Capítulo Cinco: O Caso do Suicídio na Escola

Catatan Sang Guru Langit Menundukkan Iblis Kehidupan dalam Keheningan 2689kata 2026-03-13 14:46:11

Olhando para meu irmão, tão estabanado quanto um dois de paus, senti-me completamente desalentado. Sem alternativa, desci da cama e fui ao banheiro fazer uma higiene rápida. Nesse momento, ele percebeu que eu já havia levantado e apressou-se a dizer:

— Wu Di, o dormitório está vazio, aqueles dois sujeitos devem ter saído de novo esta noite para correr atrás de garotas. Vai jantar comigo, vai. Aproveitamos e chamamos o Lao Liu. Esse sujeito acabou de jogar umas partidas comigo e está se achando o rei do pedaço; quero ver como vou colocá-lo no lugar logo mais.

Não pensei muito, apenas assenti com um simples “hum”. Afinal, somos bons amigos, não há necessidade de formalidades, ainda mais com Yang Dali e Lao Liu, companheiros inseparáveis. Sair para comer juntos era algo trivial para nós.

Peguei o telefone e liguei para Lao Liu, dizendo para descer logo e jantar conosco. Em seguida, sentei-me à minha mesa e comecei a navegar pelo fórum da universidade. Enquanto lia distraidamente, uma mensagem em particular capturou minha atenção.

Tratava-se de um relato sobre um caso de suicídio ocorrido em nossa escola, cinco anos atrás. A vítima era um estudante do segundo ano, chamado Liu Hai, que teria se jogado do prédio após um rompimento doloroso com a namorada. Até aí, nada de extraordinário — tragédias assim, infelizmente, acontecem em todo o país. O estranho veio depois.

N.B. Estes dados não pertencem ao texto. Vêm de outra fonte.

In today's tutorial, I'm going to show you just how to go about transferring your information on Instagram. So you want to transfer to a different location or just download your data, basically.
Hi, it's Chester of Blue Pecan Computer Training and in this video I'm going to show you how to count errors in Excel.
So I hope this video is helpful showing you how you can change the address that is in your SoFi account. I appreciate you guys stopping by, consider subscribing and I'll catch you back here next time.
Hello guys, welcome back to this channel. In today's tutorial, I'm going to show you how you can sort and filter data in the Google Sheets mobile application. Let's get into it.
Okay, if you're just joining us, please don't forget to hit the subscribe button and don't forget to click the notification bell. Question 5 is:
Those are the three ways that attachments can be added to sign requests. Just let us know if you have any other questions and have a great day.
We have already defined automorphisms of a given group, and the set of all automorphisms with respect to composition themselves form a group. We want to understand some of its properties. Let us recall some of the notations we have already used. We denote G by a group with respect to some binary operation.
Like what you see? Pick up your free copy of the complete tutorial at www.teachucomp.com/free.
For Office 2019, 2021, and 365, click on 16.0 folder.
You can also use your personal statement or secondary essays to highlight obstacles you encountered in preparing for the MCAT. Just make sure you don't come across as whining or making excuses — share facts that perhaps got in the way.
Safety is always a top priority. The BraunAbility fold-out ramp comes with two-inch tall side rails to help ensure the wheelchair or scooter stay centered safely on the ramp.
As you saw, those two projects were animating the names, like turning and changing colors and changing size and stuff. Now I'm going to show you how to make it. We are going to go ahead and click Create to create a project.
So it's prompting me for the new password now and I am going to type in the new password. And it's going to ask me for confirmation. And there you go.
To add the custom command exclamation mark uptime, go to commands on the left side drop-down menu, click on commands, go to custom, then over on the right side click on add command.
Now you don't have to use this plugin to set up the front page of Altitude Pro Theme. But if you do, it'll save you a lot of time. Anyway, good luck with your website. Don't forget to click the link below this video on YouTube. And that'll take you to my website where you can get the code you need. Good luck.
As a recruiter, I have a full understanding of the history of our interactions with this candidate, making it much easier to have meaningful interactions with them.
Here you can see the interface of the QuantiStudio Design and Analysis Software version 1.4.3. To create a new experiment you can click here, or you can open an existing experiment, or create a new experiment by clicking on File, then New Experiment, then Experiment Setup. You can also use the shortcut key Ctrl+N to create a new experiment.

A mensagem relatava que, exatamente um ano após a morte dele, à mesma hora e no mesmo local, a ex-namorada também se suicidara, atirando-se do alto do prédio. Segundo relatos de suas colegas de quarto, antes do fatídico ato, ela se arrumou minuciosamente, maquiou-se de modo exuberante e vestiu um longo vestido vermelho, de cor vibrante. Quando terminou de se arrumar, começou a rir de maneira descontrolada, repetindo: “Hehehe, vou me casar com você. Hoje eu me caso com você, hehehe.” Sem dar tempo para que suas colegas reagissem, saiu dizendo essas palavras estranhas e desapareceu. No início, todas pensaram que fosse uma brincadeira de mau gosto, mas não demorou muito até que a notícia de seu suicídio se espalhasse.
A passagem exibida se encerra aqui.